Geologists Discover New Type of Landform on Mars Called PBRs
Posted on March 22, 2012
University of Washington geologists have discovered a new class of landform on Mars. The geologists are calling the structures periodic bedrock ridges (PBRs). The ridges resemble sand dunes but instead of being made from material piled up by the wind, the ridges form from wind erosion of bedrock. The above images from NASA's Mars Reconnaissance Orbiter show exposed rock strata in periodic bedrock ridges on the floor of the West Candor Chasma on Mars.
David Montgomery, a UW professor of Earth and space sciences, says, "These bedforms look for all the world like sand dunes but they are carved into hard rock by wind. It is something there are not many analogs for on Earth."
Montgomery says the bedrock is a softer, more erodable type of bedrock. He says the ridges were formed by an unusual form of wind erosion that occurs perpendicular to the prevailing wind rather than in the same direction.

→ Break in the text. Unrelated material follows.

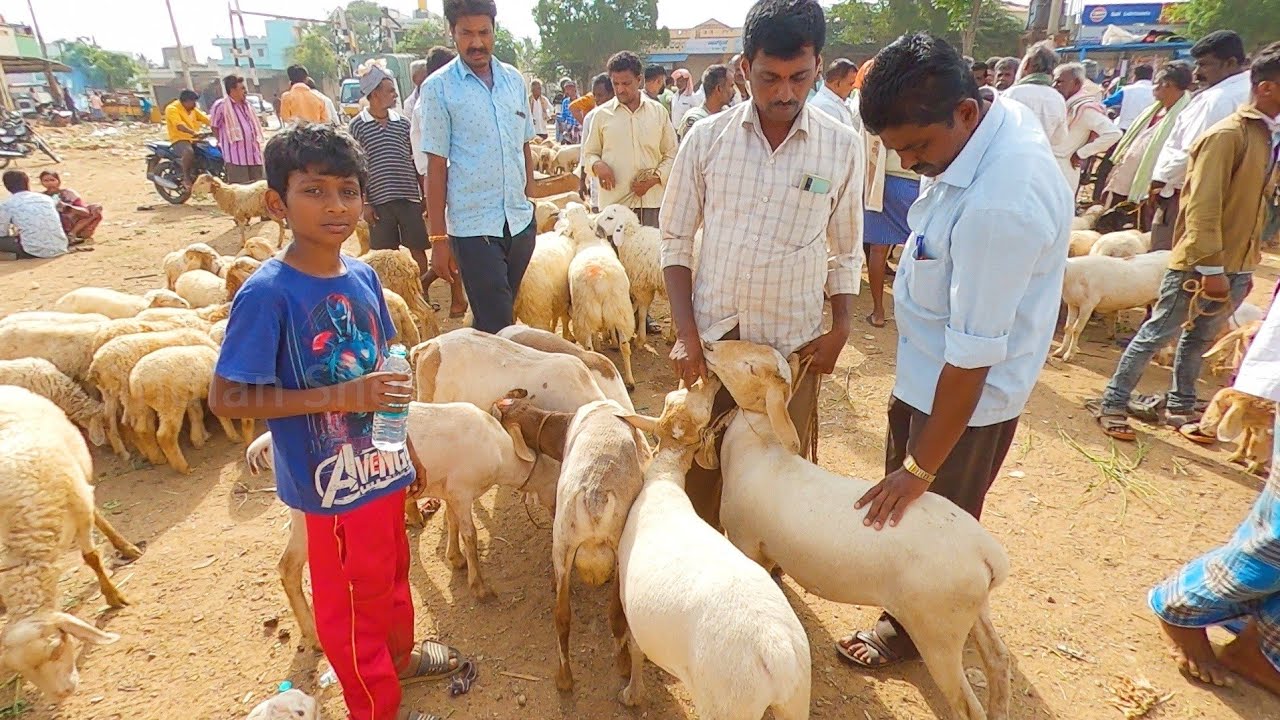 Chintamani sheep market on every Sunday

Montgomery also says the unique erosion could provide a way to examine the earlier history of Mars' geology. He says, "You could actually go back and look at some earlier eras in Martian history, and the wind would have done us the favor of exposing the layers that would have that history within it. There are some areas of the Martian surface, potentially large areas, that up until now we've thought you couldn't really get very far back into Mars history geologically."
The paper documenting the discovery was published online March 9 in the Journal of Geophysical Research, a journal of the American Geophysical Union.